On June 3, 2002, Chicago West Pullman, LLC ("CWP"), an Ohio limited liability company, purchased the 525,000 unregistered common stock or 51.19% of the outstanding common stock of Colley for cash payment of $25,000. On June 25, 2002, the Board of Directors approved an exchange of shares of Colley for shares of common stock of Gamebanc Corporation ("Gamebanc"), formerly The Lottery Channel, Inc., held by CWP and its members on a one share for one share basis, (the First Exchange”). On the date of this exchange Colley had no assets or liabilities. As of June 30, 2002, shareholders of Gamebanc had exchanged 7,417,618 shares of Gamebanc common stock for 7,417,618 newly issued common stock of Colley. Colley acquired a majority interest in Gamebanc as a result of this First Exchange.
On July 23, 2002, Colley offered to exchange up to 8,906,866 shares of its common stock for the remaining outstanding shares of common stock and preferred stock of Gamebanc, (the Second Exchange). The Second Exchange offer was conducted on the basis of one share of Colley's common stock for one share of Gamebanc common stock, and 50 shares of Colley's common stock for one share of preferred stock of Gamebanc. The Second Exchange offer remained open until August 6, 2002. Colley issued 7,539,582 shares of its common stock issued through the Second Exchange. Additionally, all holders of Gamebanc stock options and warrants were offered to exchange their stock options and warrants for Colley stock options and warrants with identical terms. Effective September 16, 2002, the Company changed its name from Colley Corporation to Games, Inc.
As a result of the First and Second Exchanges Gamebanc became a majority-owned subsidiary of the Company and Gamebanc’s directors and officers became the directors and officers of the Company. The stockholders of Gamebanc were issued 14,957,200 of the Company’s shares of common stock, in exchange for their shares, or 97.9% of the Company’s total outstanding common stock. Accordingly, a change in control of the Company occurred in connection with the acquisition, and the acquisition was deemed a "reverse acquisition” for accounting purposes. At the acquisition, Colley had no assets or liabilities. The reverse acquisition was accounted for as a recapitalization of GameBanc and the stockholders' equity was retroactively restated to July 1, 2001. The financial statements are those of Gamebanc prior to June 23, 2002.

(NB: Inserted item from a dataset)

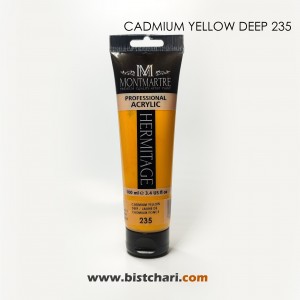 رنگ اکریلیک 100ml کد 235 (Cadmium Yellow) برند مونمارت Montmartre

The Company operates in three allied areas of interactive entertainment: government sponsored lotteries, internet games, and digital greetings. The Company's principal business is providing subscribers with access to entertaining proprietary content via the internet.
NOTE B - BASIS OF PRESENTATION
The accompanying interim condensed consolidated financial statements and notes to the financial statements for the interim periods as of September 30, 2003 and for the three months ended September 30, 2003 and 2002, are unaudited. The accompanying interim unaudited financial statements have been prepared by the Company in accordance with accounting principles generally accepted in the United States for interim financial statements and Item 310(b) of Regulation S-B. Accordingly, they do not include all the information and footnotes required by generally accepted accounting principles for complete financial statements. In the opinion of management, all adjustments (consisting of normal recurring adjustments) considered necessary for a fair presentation have been included. Operating results for the nine-month period ended September 30, 2003, are not necessarily indicative of the results that may be expected for the year ending December 31, 2003. The condensed consolidated financial statements should be read in conjunction with the financial statements and notes thereto included in the Form 10-KSB of the Company as of and for the year ended December 31, 2002. All amounts and share totals have been restated to account for the one-for-twenty reverse stock split effective April 24, 2002.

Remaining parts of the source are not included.